Rise of the Eurogame

I read an article this week about the rising popularity of European and particularly German board games, the so-called Eurogame.

The core difference apparently between American and German games in the past 50 years has been that American games have been centred on conflict, think Risk, Axis & Allies, Star Fleet Battles, and Victory in the Pacific. Germany for obvious reasons was not so big on these conflict-centric games but favoured games based around construction and building things up like communities (Settlers of Catan), farms (Agricola) or businesses (Power Grid).

So this article, linked below, was interesting but it also struck a bell with other things I have been reading. Fria Ligan are Swedish but there is much  emphasis in Mutant:Year Zero on the collaborative building of the Ark.

Another Euro/American difference is that American games tend to eliminate players as the game progresses but Eurogames keep people involved right to the end. Tales from the Loop is build from the ground up with the presumption that the kids will not stand and fight, and die, but run away and find a different route or solution.

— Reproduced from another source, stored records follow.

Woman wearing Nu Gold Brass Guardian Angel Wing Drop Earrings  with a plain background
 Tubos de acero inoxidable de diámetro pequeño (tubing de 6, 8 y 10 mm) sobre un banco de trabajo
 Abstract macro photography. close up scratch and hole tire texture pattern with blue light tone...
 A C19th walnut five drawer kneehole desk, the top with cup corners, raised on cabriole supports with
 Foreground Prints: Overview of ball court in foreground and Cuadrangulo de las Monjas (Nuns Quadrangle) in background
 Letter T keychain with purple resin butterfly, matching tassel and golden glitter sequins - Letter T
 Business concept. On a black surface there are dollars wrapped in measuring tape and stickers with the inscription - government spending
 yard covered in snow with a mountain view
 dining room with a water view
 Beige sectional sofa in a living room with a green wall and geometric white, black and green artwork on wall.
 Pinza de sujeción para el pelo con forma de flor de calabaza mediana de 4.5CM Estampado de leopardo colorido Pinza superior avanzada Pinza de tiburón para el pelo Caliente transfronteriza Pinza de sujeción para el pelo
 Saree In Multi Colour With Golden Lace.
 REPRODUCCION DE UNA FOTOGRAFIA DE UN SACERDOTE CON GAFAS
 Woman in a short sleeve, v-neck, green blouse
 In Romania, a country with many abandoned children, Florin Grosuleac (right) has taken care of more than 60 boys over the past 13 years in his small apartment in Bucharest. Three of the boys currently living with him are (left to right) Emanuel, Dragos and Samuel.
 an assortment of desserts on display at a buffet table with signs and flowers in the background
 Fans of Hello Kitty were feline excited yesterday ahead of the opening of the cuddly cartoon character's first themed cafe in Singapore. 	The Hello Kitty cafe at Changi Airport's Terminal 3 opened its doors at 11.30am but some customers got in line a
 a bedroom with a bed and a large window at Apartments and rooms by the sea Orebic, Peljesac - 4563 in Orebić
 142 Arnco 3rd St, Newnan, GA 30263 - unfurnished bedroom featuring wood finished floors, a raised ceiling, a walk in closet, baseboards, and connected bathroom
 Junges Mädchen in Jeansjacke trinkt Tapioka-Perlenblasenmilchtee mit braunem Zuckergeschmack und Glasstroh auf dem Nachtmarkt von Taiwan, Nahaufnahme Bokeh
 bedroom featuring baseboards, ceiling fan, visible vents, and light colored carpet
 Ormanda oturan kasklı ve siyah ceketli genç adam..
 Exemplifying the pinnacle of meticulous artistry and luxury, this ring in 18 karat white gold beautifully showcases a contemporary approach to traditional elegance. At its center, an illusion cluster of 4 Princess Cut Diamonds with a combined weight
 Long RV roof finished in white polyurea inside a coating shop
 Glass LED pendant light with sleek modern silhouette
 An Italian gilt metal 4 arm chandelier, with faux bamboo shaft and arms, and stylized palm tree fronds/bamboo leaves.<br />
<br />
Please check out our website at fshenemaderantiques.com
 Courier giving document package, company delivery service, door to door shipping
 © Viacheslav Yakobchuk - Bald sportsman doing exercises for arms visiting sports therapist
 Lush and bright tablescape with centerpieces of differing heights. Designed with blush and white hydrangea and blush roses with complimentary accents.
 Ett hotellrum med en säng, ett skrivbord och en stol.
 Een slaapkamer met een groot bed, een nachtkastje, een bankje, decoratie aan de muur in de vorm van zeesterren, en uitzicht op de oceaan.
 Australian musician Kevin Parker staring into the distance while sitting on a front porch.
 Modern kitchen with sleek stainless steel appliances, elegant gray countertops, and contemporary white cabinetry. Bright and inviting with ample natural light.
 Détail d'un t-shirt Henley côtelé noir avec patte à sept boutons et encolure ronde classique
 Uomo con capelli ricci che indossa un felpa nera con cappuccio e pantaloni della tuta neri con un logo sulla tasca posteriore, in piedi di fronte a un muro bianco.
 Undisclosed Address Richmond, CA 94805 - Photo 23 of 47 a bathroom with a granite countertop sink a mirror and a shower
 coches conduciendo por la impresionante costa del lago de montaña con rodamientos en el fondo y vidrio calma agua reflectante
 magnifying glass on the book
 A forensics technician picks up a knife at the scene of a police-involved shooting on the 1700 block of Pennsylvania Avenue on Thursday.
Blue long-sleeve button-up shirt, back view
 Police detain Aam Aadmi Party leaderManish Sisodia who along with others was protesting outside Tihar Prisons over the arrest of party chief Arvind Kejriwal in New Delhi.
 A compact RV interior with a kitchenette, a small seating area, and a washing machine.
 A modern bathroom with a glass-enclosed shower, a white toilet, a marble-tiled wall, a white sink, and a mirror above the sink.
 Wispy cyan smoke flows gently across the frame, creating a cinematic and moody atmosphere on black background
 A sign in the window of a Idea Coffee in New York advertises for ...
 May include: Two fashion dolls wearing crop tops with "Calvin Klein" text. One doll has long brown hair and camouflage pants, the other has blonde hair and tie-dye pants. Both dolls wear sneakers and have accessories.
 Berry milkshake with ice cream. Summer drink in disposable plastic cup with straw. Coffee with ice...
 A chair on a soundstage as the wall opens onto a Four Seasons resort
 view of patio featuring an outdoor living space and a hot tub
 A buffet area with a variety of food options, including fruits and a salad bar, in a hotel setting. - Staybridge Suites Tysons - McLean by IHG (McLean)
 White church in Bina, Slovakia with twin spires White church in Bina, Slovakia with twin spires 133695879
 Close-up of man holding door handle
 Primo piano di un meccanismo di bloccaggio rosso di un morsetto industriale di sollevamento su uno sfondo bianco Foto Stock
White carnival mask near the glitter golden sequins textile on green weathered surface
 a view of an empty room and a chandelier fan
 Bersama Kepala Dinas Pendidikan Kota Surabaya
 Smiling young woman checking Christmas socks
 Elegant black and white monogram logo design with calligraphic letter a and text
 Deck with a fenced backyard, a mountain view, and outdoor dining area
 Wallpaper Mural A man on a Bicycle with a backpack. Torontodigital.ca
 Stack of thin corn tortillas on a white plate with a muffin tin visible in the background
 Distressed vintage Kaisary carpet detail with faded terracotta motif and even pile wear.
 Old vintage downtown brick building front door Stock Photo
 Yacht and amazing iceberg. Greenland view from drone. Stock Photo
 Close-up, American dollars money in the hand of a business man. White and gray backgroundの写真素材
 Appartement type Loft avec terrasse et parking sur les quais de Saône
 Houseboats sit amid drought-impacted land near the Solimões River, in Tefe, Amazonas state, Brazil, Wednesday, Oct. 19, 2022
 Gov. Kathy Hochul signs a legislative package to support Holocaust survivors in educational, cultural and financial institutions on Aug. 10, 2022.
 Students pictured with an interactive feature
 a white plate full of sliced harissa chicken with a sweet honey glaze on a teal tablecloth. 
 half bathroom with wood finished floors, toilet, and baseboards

It may be just my perception but start up times seem to be faster in the European games. The original Iron Crown Enterprises (Rolemaster/MERP) was an American publisher and Rolemaster must have one of the most complex character creation processes known to man. In contrast the Fria Ligan way is very fast and light but at the same time construct characters using a detailed skill system created by player choice.

Maybe it is just my perception but is there a move towards role playing games being more accessible and less confrontational? Mind you, the high lights of my gaming life at totally hack and slash so who am I to tell?

Here is the original article, which is very interesting.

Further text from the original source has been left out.